CORONA (CBSLA/AP) — A woman who died after a car wreck last month in Riverside County is the 11th person in the U.S. to be killed by defective air bags made by Takata, the National Highway Traffic Safety Administration confirmed Thursday.

Delia Robles was driving to get a flu shot on Sept. 30 died after she crashed her 2001 Honda Civic in Riverside, the victim’s son Jose Contreras told CBS2/KCAL9’s Peter Daut.

What was supposed to help save the 50-year-old grandmother’s life ended up taking it.

“It’s not like she was sick, and she had a terminal illness, and you knew this was coming. This happened from one minute to another,” Contreras said. “She was very loving, charismatic. Always had a smile.”

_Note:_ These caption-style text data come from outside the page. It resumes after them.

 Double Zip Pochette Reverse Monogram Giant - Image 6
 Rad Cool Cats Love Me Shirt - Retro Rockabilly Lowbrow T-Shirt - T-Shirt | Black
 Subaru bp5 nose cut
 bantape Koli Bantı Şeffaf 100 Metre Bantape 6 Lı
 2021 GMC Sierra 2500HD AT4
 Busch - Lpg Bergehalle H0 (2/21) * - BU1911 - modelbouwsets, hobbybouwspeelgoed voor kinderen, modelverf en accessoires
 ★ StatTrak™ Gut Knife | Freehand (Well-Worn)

Takata air bags can inflate with too much force, which causes a metal canister to rupture and spew shrapnel into the vehicle.

Tokyo-based Takata, unlike other manufacturers, uses the chemical ammonium nitrate to create a small explosion that inflates air bags in a crash.

But the chemical can deteriorate when exposed to prolonged high heat and humidity and can burn faster than designed. That can blow apart a metal canister designed to contain the explosion.

The problem touched off what is now the largest auto recall in U.S. history. More than 69 million inflators have been recalled in the U.S. and more than 100 million worldwide. Takata faces billions in costs.

Honda said Robles’ car was included in multiple recalls since 2008. The company said it had mailed more than 20 recall notices over eight years to the car’s registered owners, but its records indicate the Civic was never repaired.

But Contreras said he did not remember getting notices about the recalls from Honda.

He added that his mother was driving at the rate of only 25 miles per hour at the time of the crash. “My mom was a very safe driver. Seat belt was on always and stuff like that. She didn’t text and drive,” Contreras said.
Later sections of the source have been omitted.